> [Exercise instructions]:
Look below for the lines from the one with "VAYINATO BT-102 Transparent" to the one with "Yarn Lot: Various", and copy exactly those lines, both ends included.

> [Records for processing]:
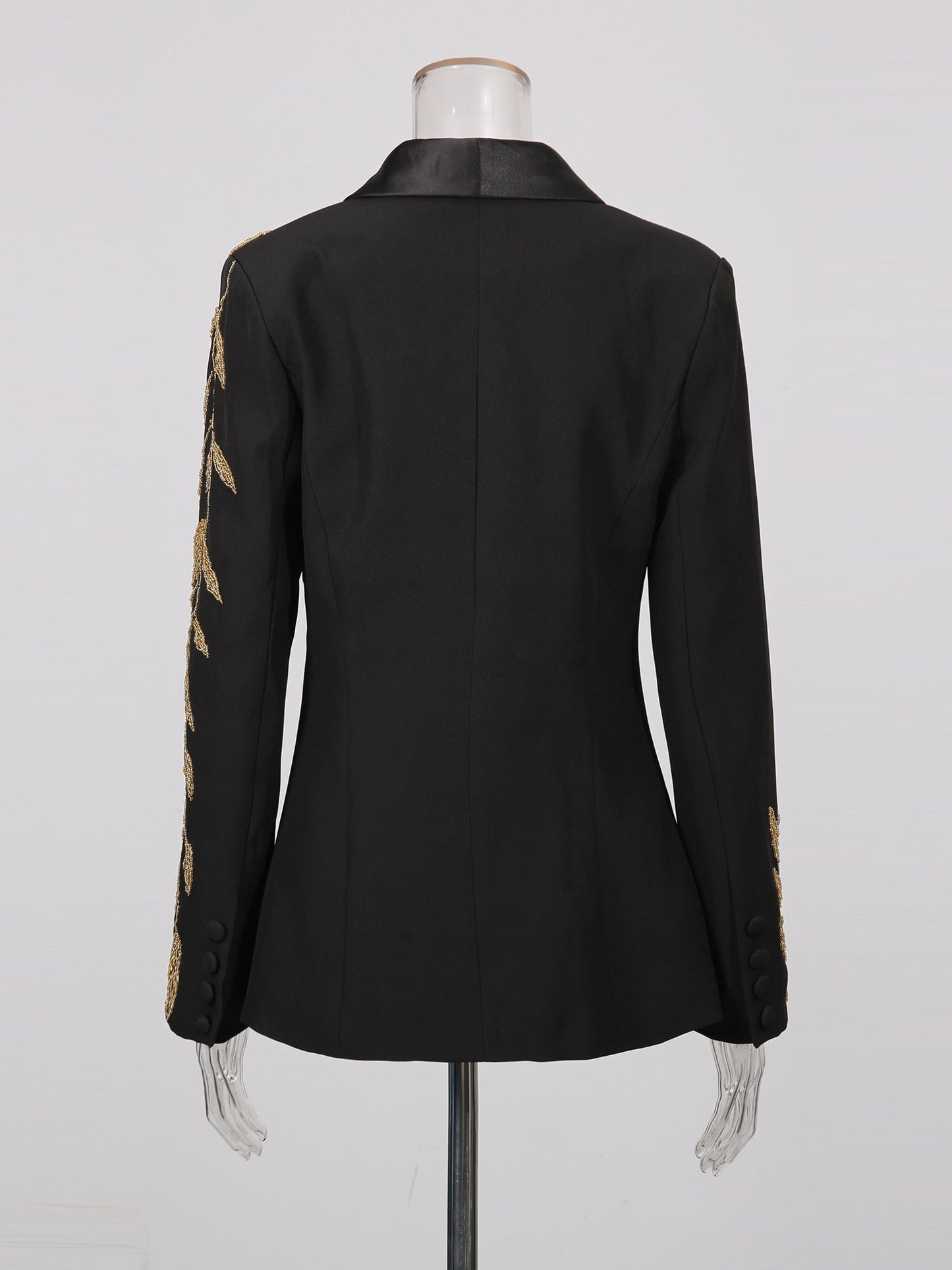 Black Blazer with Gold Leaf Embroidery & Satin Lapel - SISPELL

...

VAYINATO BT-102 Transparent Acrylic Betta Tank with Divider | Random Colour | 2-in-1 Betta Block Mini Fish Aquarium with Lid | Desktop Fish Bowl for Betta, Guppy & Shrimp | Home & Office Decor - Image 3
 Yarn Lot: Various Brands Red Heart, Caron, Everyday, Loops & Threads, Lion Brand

> [Reply]:
VAYINATO BT-102 Transparent Acrylic Betta Tank with Divider | Random Colour | 2-in-1 Betta Block Mini Fish Aquarium with Lid | Desktop Fish Bowl for Betta, Guppy & Shrimp | Home & Office Decor - Image 3
 Yarn Lot: Various Brands Red Heart, Caron, Everyday, Loops & Threads, Lion Brand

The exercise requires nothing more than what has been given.